This RFC is based on a suggestion by Martin Brænne (@martinboehme)
TL;DR
I propose a new Clang annotation [[clang::null_after_move]] to mark user-defined smart-pointer-like types that make guarantees on the state of a moved-from object, leaving it in a valid and specified state where it is safe to use but not dereference. The primary motivation is to avoid false positives in the clang-tidy check bugprone-use-after-move.
Motivation
It is desirable to detect use-after-move bugs through static analysis and clang-tidy has a check for this: bugprone-use-after-move. However, there are cases in which an object may be used after it has been moved from, that cannot readily be identified by the automatic check.
Notably, user-defined smart-pointer-like types typically make the same guarantees about the state of a moved-from object as standard smart pointer types (e.g. std::unique_ptr): Moving from such a smart pointer leaves it in a valid and specified state that matches the default constructed state, nullptr.

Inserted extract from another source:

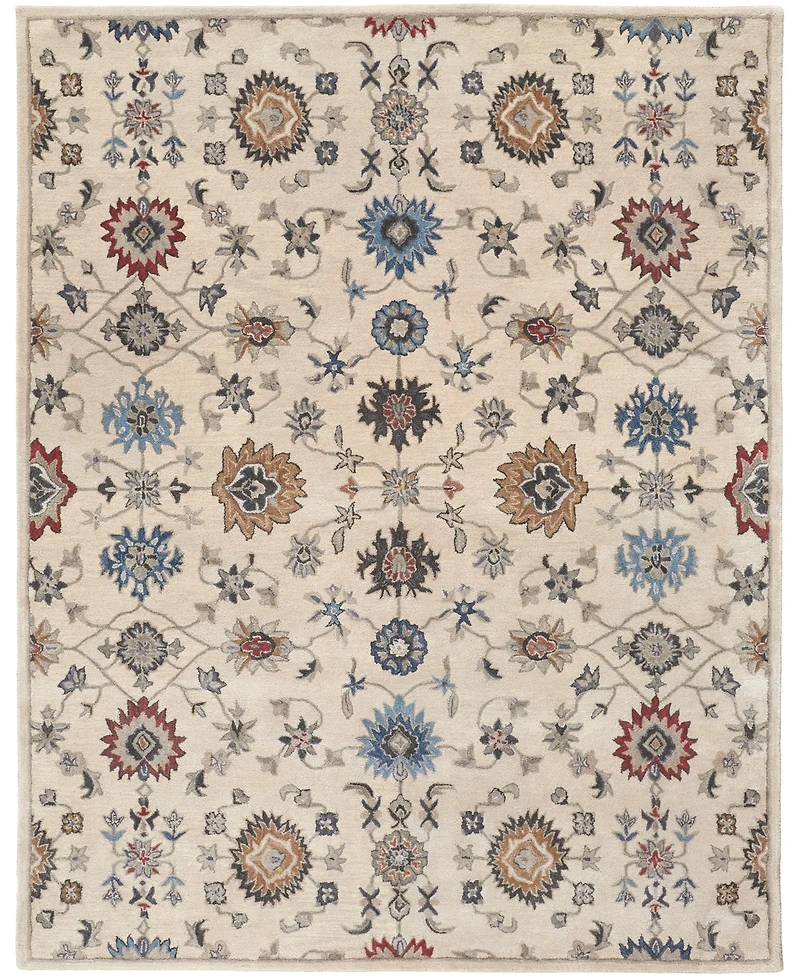 Feizy Rylan R8641 5' x 8' Area Rug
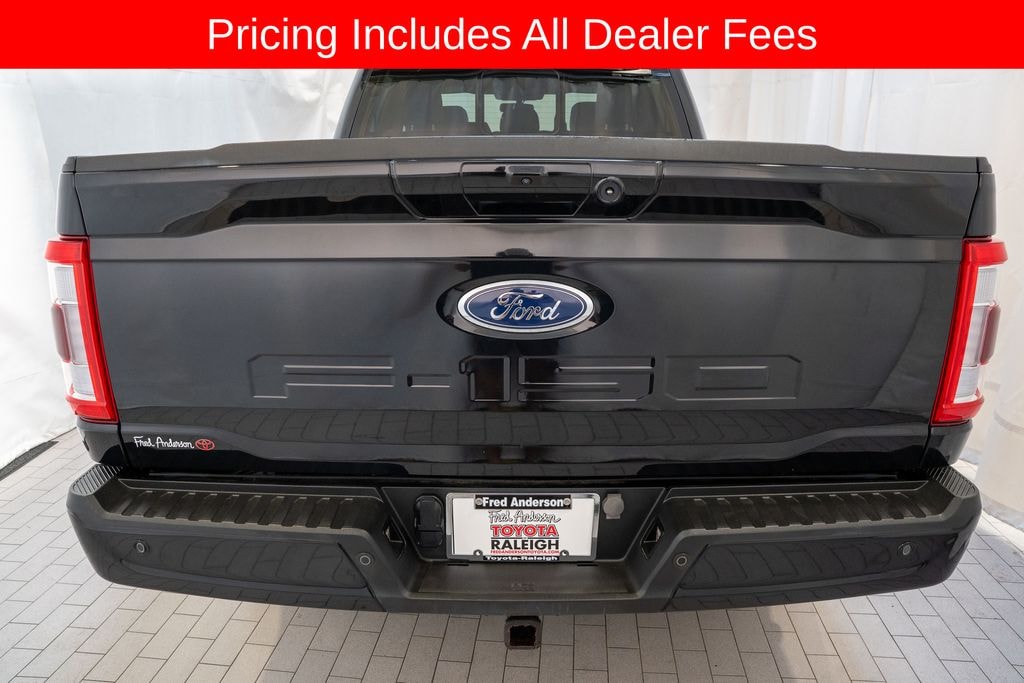 Used 2023 Ford F-150 Lariat Truck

In that state it is safe to perform many operations on the pointer, such as comparing it against nullptr or other pointers; the only operations that are not allowed are the ones that dereference the pointer, e.g. operator*, operator-> or operator[].
The bugprone-use-after-move check already recognizes the semantics of smart pointers defined in the standard and allows using moved-from smart pointers as long as they are not dereferenced. The set of types that this applies to is currently hardcoded. This RFC proposes an attribute to annotate user-defined smart-pointer types so that they receive the same treatment.
Example
As a real-world example, consider Chromium’s HeapArray, a replacement for std::unique_ptr<T[]> that keeps track of its size. Its move-from semantics are specified: it leaves the move-from object empty and containing no allocated memory. Despite it, the next example:
1 void TestFunction() {
2 auto buffer = base::HeapArray<int>::WithSize(20);
3 auto moved_to = std::move(buffer);
4 std::cout << "moved from buffer size: " << buffer.size() << "\n"; // moved from buffer size: 0
5 }
Will generate a false positive use-after-move warning:
test.cc:4:46: warning: 'buffer' used after it was moved [bugprone-use-after-move]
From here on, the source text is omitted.